Ela hesitou mais uma vez, brevemente.

— Não sei...

Terminei o banho em silêncio. Ao sair, envolvi-me com uma toalha e caminhei até a cama. O manto estava lá, esperando por mim. Toquei o tecido devagar. A seda escorreu entre meus dedos como água.

Assim como minha pele escorreria sob o toque deles.

Sentei-me diante do espelho enquanto Mika preparava os pincéis e pós.

Era como um ritual.

Ela pintava um rosto que não era realmente meu. Uma máscara feita de beleza, silêncio e obediência.

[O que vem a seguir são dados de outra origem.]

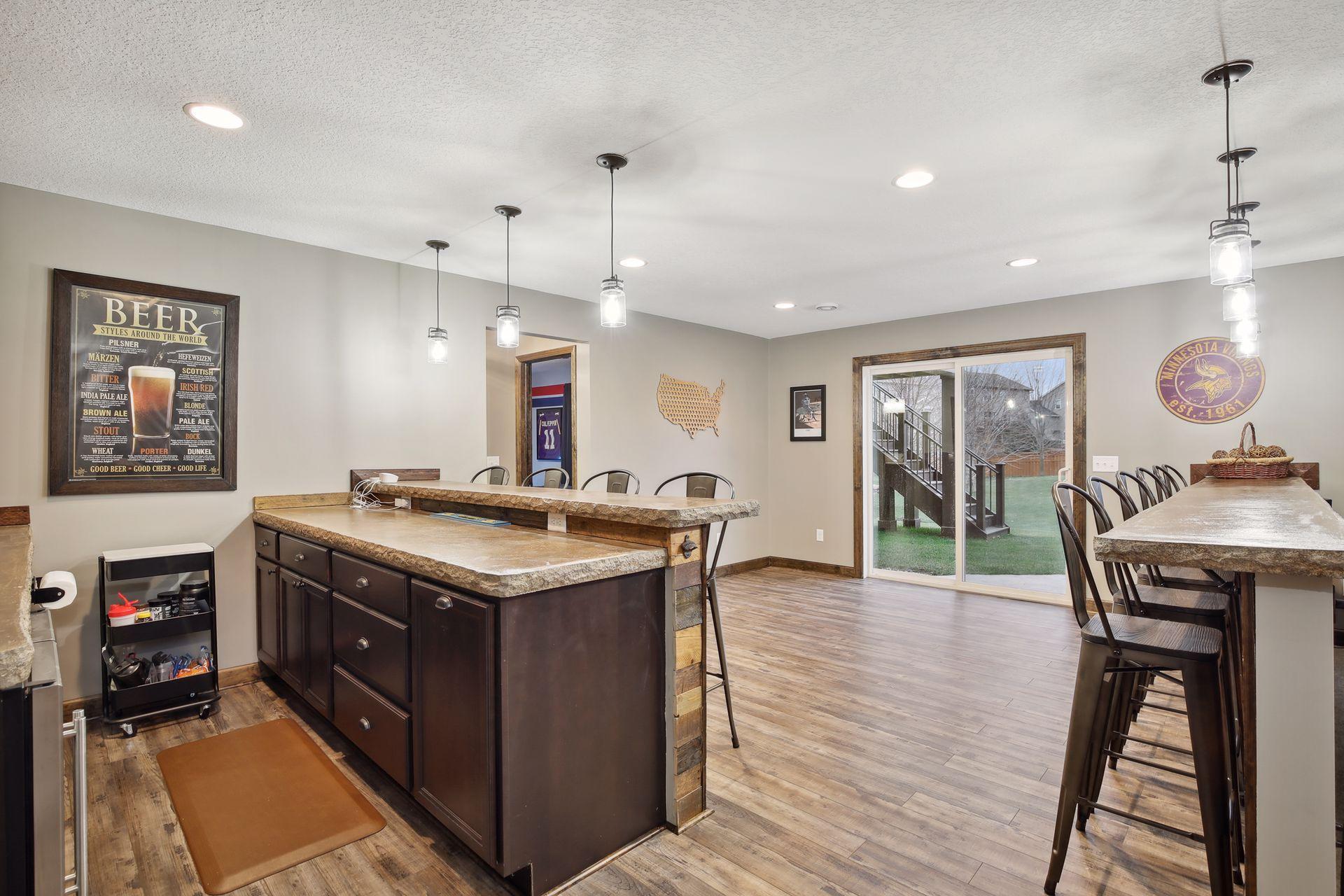 Walk-out to the lovely yard and hot tub area.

A imagem no espelho era perfeita demais. Pele pálida, traços delicados, olhos frios e calculados. Mas eu sabia onde estavam as rachaduras. Atrás do olhar vazio. Nas sombras sob os olhos. No aperto contido dos lábios. Pequenas falhas tentando escapar da perfeição forçada.

— Como é o mundo lá fora?

Quantas vezes já fizera essa pergunta? E, mais ainda, por que eu continuava fazendo? Talvez por teimosia. Ou talvez... para testar Mika. Para ver se, algum dia, ela responderia algo diferente. Algo que me fizesse acreditar que ela também queria sair.

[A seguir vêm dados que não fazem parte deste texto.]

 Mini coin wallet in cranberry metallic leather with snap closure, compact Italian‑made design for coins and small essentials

— Perigoso, senhorita Harumi — respondeu com calma, sem levantar os olhos. — Ainda mais agora, com o jovem mestre está lidando com as guerras. Lá fora nada é seguro.

Nada é seguro.

Era o que todos aqui diziam. Mas como confiar em palavras ditas por quem ganha com minha prisão?

Eu conhecia o mundo exterior apenas pelas histórias de Long. Era ele quem me falava das cidades, das luzes, das vozes livres. Meu único amigo nesse lugar. E mesmo assim... não bastávamos. Eu e Log não conseguiríamos sozinhos.

Olhei para Mika.

Ela continuava seu trabalho com precisão. Indiferente. Dedicada.

Mas e se, por trás dessa fachada, houvesse algo mais? Um desejo sufocado? Um medo? Uma falha?

Ou será que ela só quer manter um dos seus bichinhos de estimação por perto?